Miami-Dade

Desalojo: Residentes se ven obligados a abandonar su parque de casas móviles en el sur de Florida

Odilio Suárez, de 90 años, desalojado de su casa móvil donde vivió por más de 35 años en el Li’l Abner Mobile Home Park en Sweetwater el lunes 20 de octubre de 2025.
Odilio Suárez, de 90 años, desalojado de su casa móvil donde vivió por más de 35 años en el Li’l Abner Mobile Home Park en Sweetwater el lunes 20 de octubre de 2025. Especial para el Miami Herald

El parque de casas móviles Li’l Abner estaba sin vida el lunes por la tarde, excepto por las personas que se vieron obligadas a abandonar sus hogares.

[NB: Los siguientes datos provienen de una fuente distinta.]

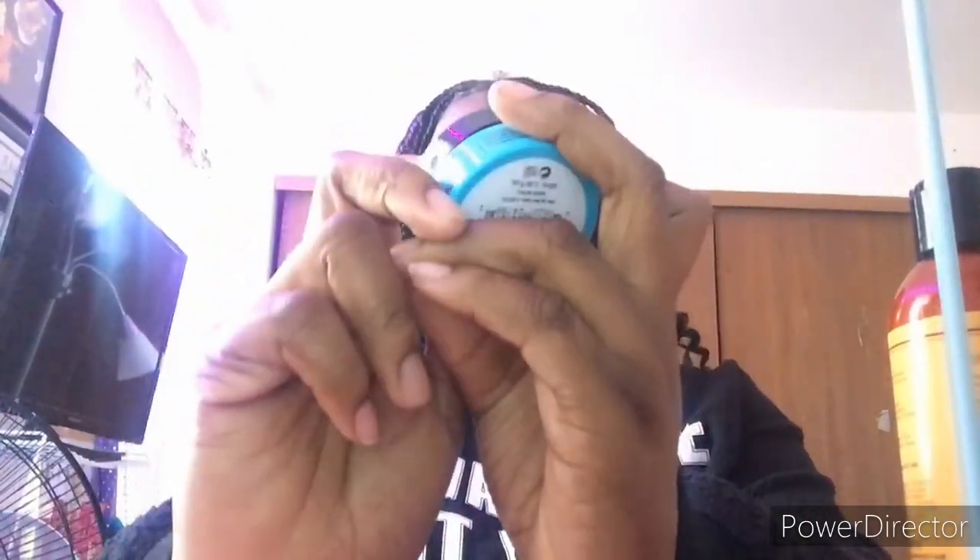Now for stylers. The first styler I use is this Edge Effect edge gel — I haven't used it yet. Personally I don't hate edge controls but I just feel like they sweat on my hair, so I don't use them a lot. This is the one I just got — still has the tag on it. It was $2.99, and it's the mega hold one with argan oil, olive oil, and black castor oil.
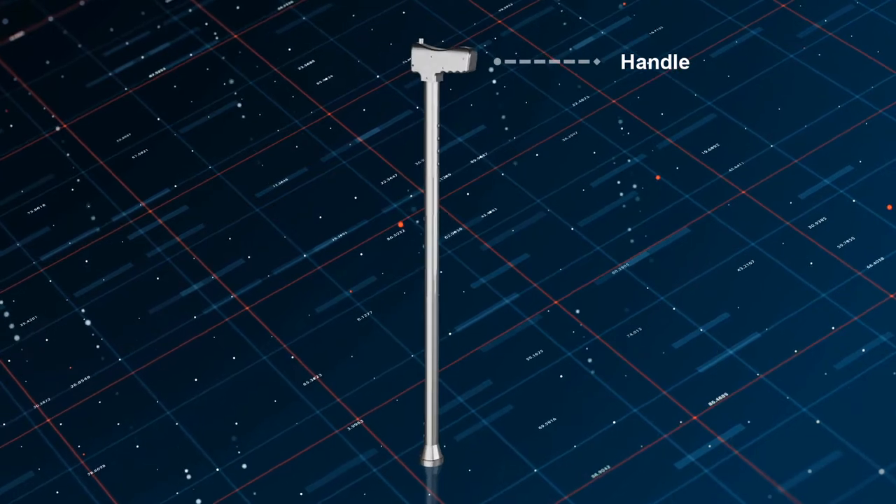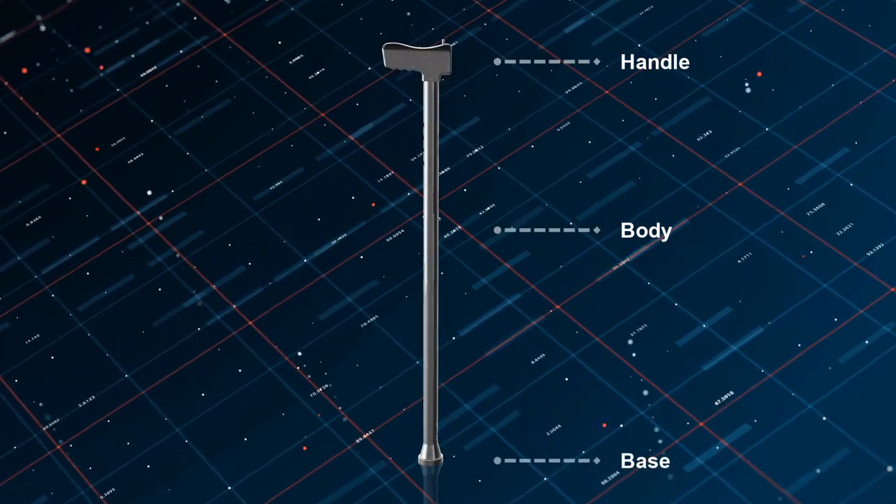The walking stick is divided into three different layers: starting with the handle, then the body, and finally the base. Let's have a look at the handle.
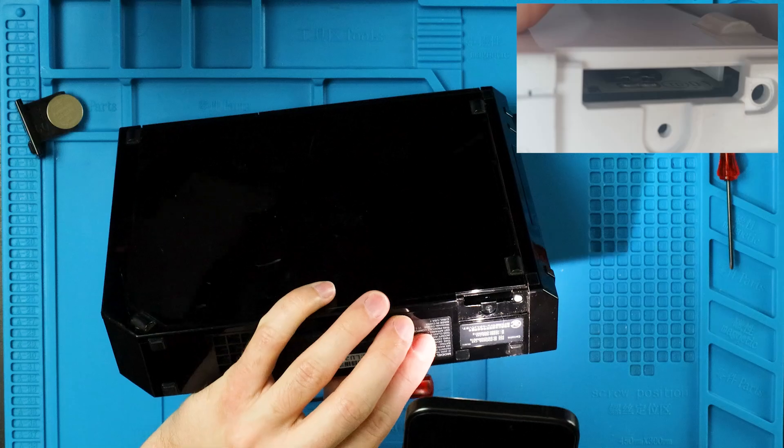Anyways, shout out to Nick at Goodwill because he let me use his screwdriver — not mine, his screwdriver — to take apart a whole wall worth of Wiis just so I could find one compatible revision. There's a lot of launch model Wiis out there.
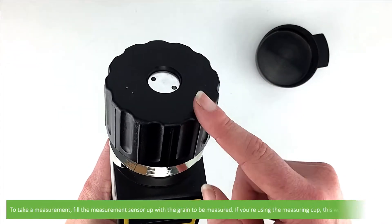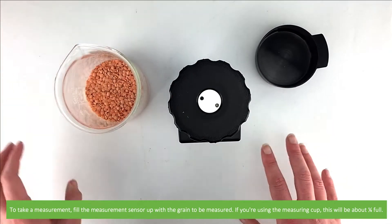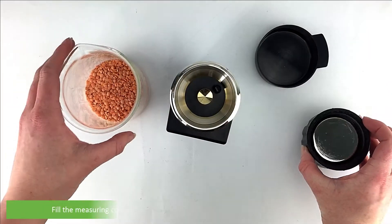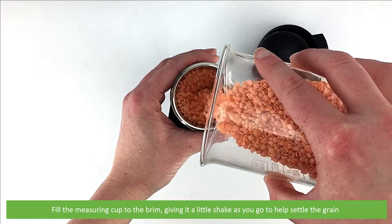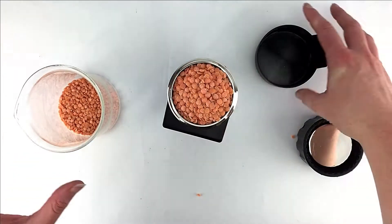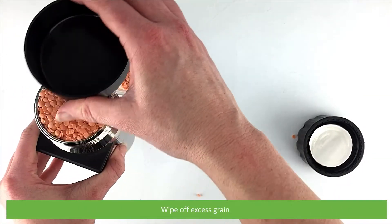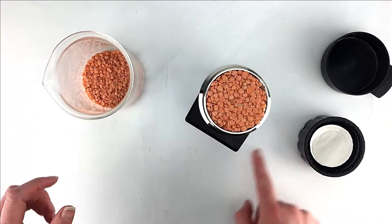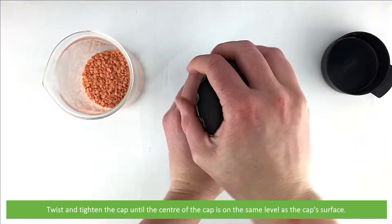To take a measurement, fill the measurement sensor up with the grain to be measured. If you are using the measuring cup, that's about a quarter full. Fill the measuring cup to the brim, giving it a little shake as you go to help settle the grain. Wipe off the excess grain, then twist and tighten the cap until the center of the cap is the same level as the cap surface.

No había alegría en la comunidad, mayoritariamente hispana. La policía patrullaba el vecindario. Para quienes podían permitírselos, los camiones de mudanzas retumbaban. Algunos residentes desalojaron sus casas a toda prisa, sin saber qué hacer.

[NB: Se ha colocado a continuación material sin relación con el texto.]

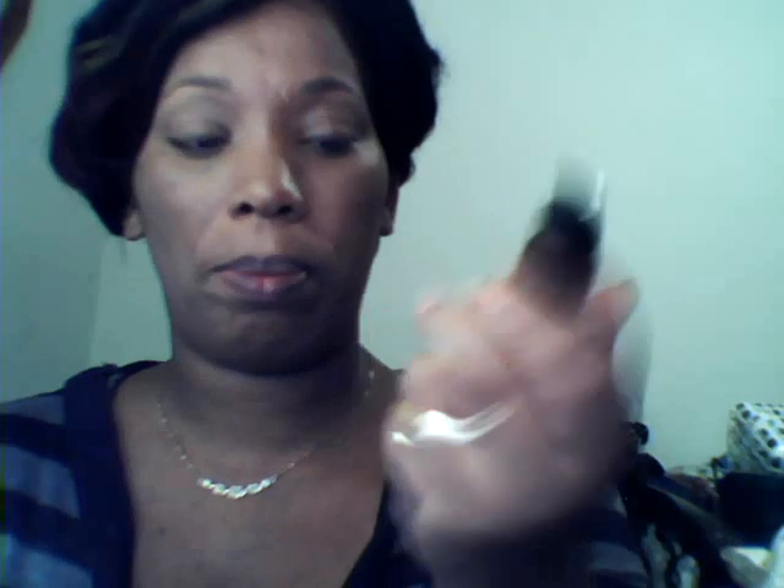This is a new foundation that I purchased by e.l.f. It's my first time ever using anything foundation-wise by e.l.f. They also have it in a pop bottle style, and I like the packaging on the bottle — it's cute.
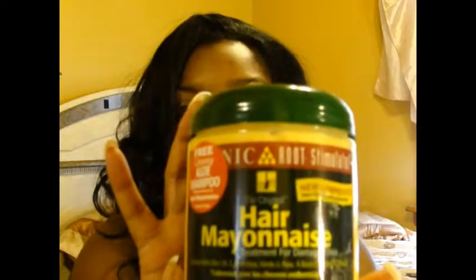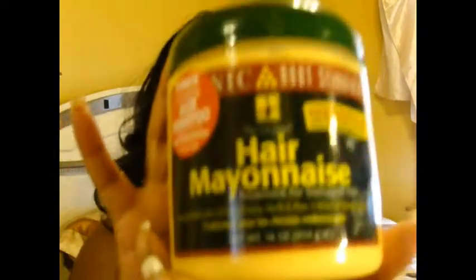First I want to talk about what I have in my hair right now under this wig, because when you see it I don't want you to be grossed out. I have the Tresemme Five Times Silky Conditioner and the Organics Hair Mayonnaise. I've had this in my hair for four days going on five. It's deep conditioning, so I don't mind the three or four days.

Los avisos en las puertas indicaban que la gente debía desalojar sus hogares antes de las 4 p. m. del martes 21 de octubre.

Cientos de residentes del parque de casas móviles Li’l Abner, ubicado en 11239 NW Fourth Terrace, recibieron la orden de desalojar sus hogares el lunes, un avance importante en su batalla legal de un año con el propietario del parque, CREI Holdings. En noviembre, los 3,000 residentes de Li’l Abner se enteraron de que debían desalojar sus propiedades antes del 19 de mayo. CREI Holdings, que ha declarado su intención de urbanizar el terreno bajo las casas móviles para construir viviendas multifamiliares, ofreció a quienes abandonaron el parque antes de finales de enero una indemnización de $14,000. Quienes abandonaron el parque antes de abril y mayo recibieron $7,000 y $3,000 respectivamente.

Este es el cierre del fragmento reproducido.